▸ Exercise objective
Could you repeat the data word for word while skipping the pictures?

▸ Information shown
________________________
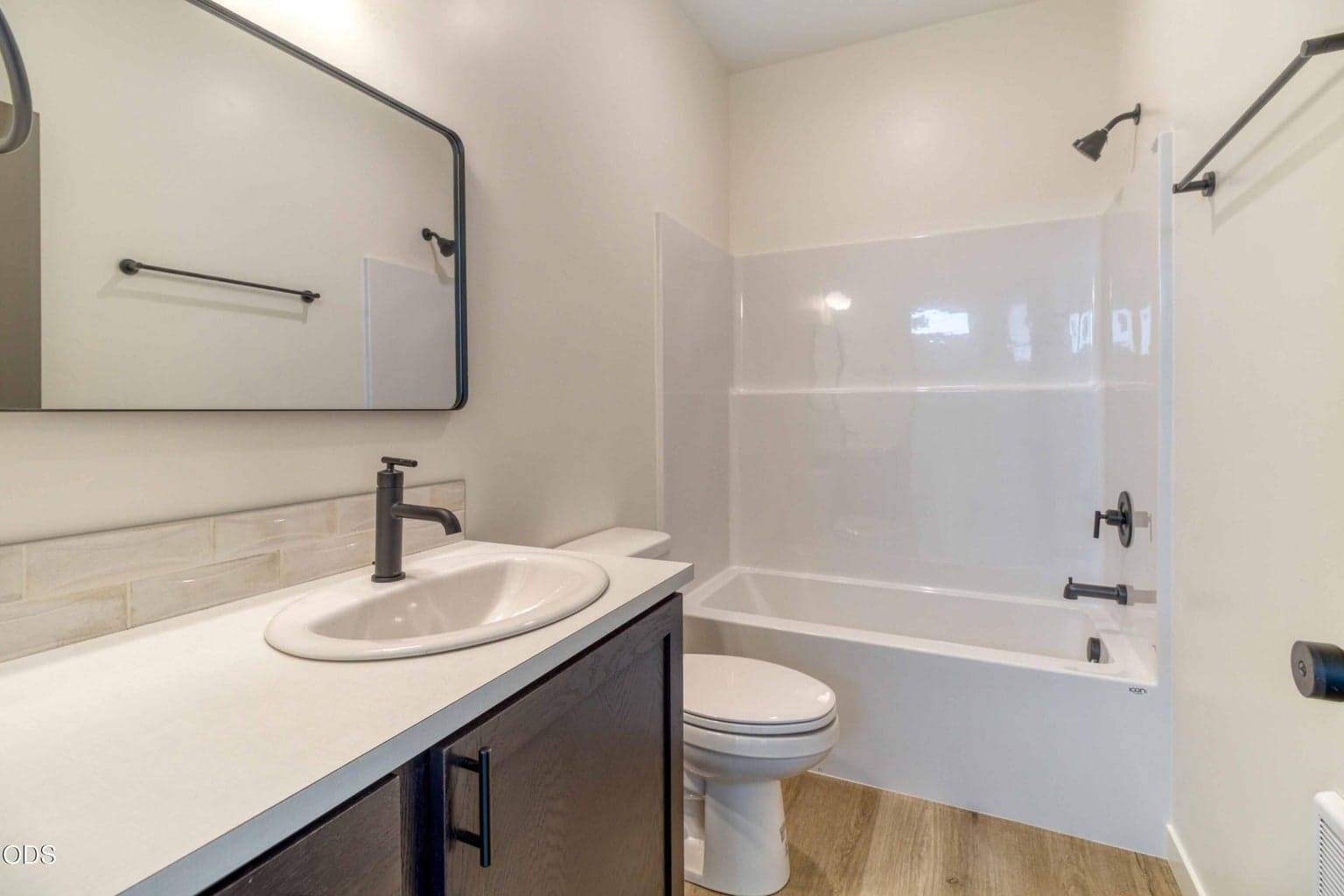 Photo of 896 SE Aquila Drive 17 of 28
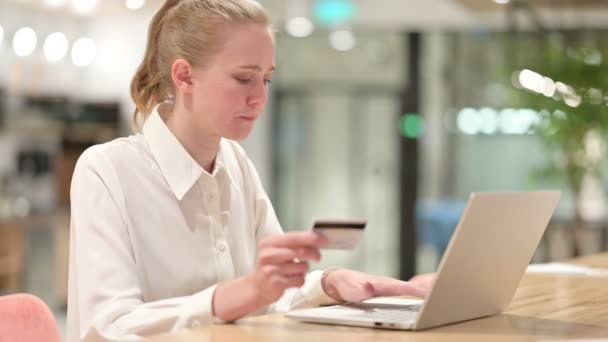 Online betalingsachterstand op laptop door jonge zakenvrouw — Stockvideo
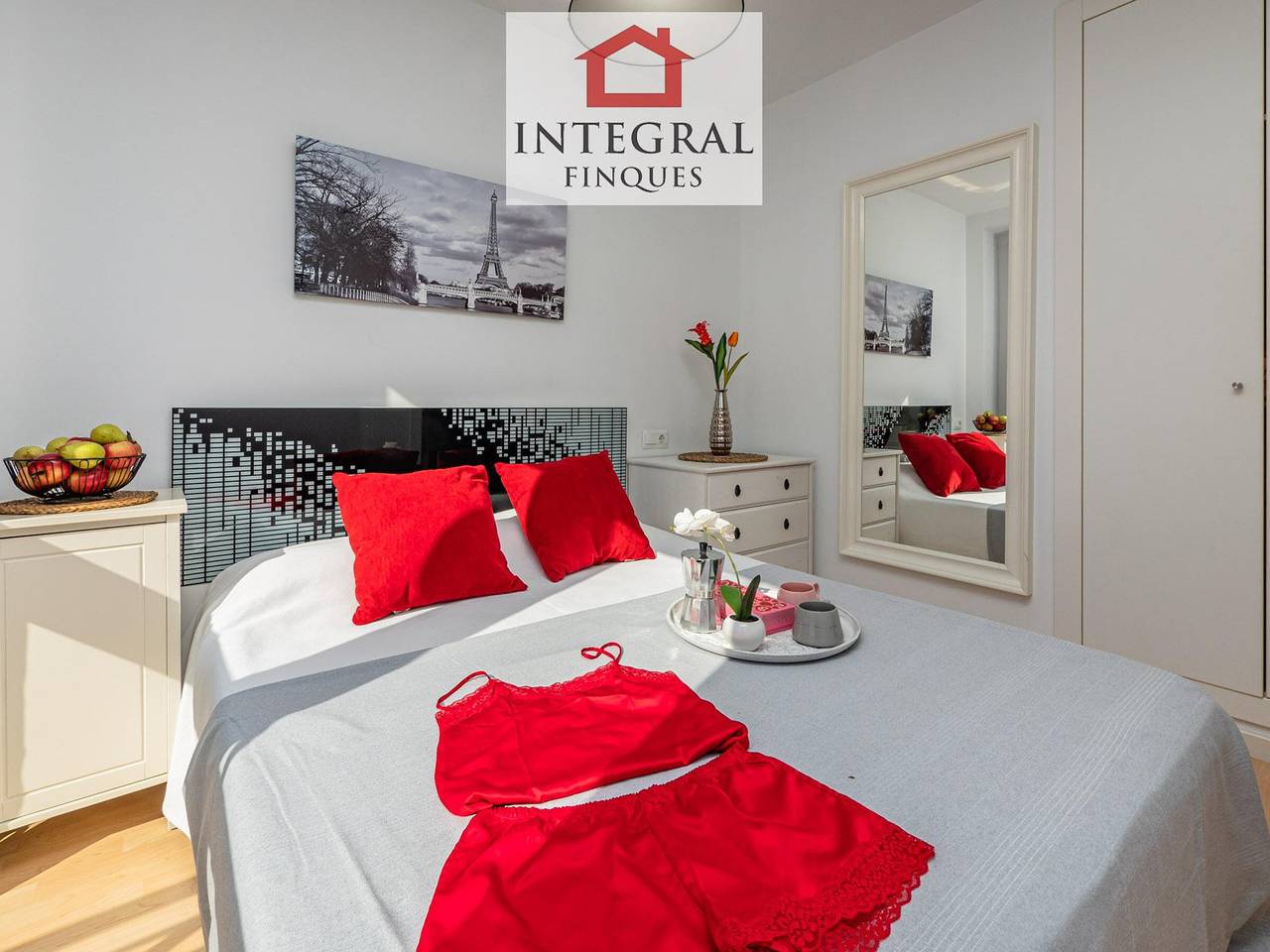 Apartamento entero, Dúplex cómodo con terraza, a 200m de la playa, parking y wifi en Palamós in Palamós, Costa Brava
________________________
▸ Result below
 Photo of 896 SE Aquila Drive 17 of 28
 Online betalingsachterstand op laptop door jonge zakenvrouw — Stockvideo
 Apartamento entero, Dúplex cómodo con terraza, a 200m de la playa, parking y wifi en Palamós in Palamós, Costa Brava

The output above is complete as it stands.